Governor Kivutha Kibwana takes the business of running Makueni county so seriously he makes some of his peers look like leadership toddlers. The governor knows nothing less than superlative service is expected from an elected leader.
The responsibility is greater for those who won free and fair elections with a popular vote. Those who bought their way through parties and handouts can enjoy for now, as they indulge in corruption and murderous passions.
Kibwana approaches devolution with such a high sense of responsibility. The law professor demonstrates a V8, with a robust engine and technological precision, cannot compete on the road of devolution with feeble Vitz-size posturing of some of his colleagues.
The non-starters should have been recalled. But recall is only possible if the electorate had a consciousness that values public participation, interrogates performance, costs, results, and regularly demands value for public money. Counties need this consciousness to make devolution work. This consciousness enhances public participation, through real time audit of public resources
Do not ask where Kibwana gets the money to leave a mark where others wobble. Do not ask where he gets the time to interact with village-level audiences. While other governors yodel in illusions of grandeur, suffer constipation of their self-importance, or seek leisure and pleasure in faraway towns, Kibwana remains a public servant. He works, talks, and weeps with the people.

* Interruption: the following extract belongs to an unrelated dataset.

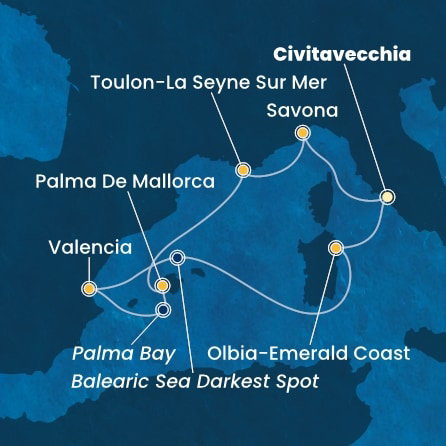 Harta croaziera Croazieră în Mediterana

During the turbulent era of rising demands for change in the mid-1990s, Kibwana was always available for consultation. A chick that would grow into the cock of the homestead is known on the day it is hatched.
I once called him out. He asked me to pick a venue - not so far from the University of Nairobi. He was the first to show up for the appointment, with Supreme Court judge Justice Smokin Wanjala. Wanjala was learning at the feet of then Dean of the Faculty of Law at UoN. Kibwana was a quintessential activist of the change movement.
The face of Wote, the Makueni county headquarters, is changing, as other towns that host county headquarters, like Homa Bay, suffer criminal neglect. Public infrastructure is worse off than it was before devolution, now in its seventh year.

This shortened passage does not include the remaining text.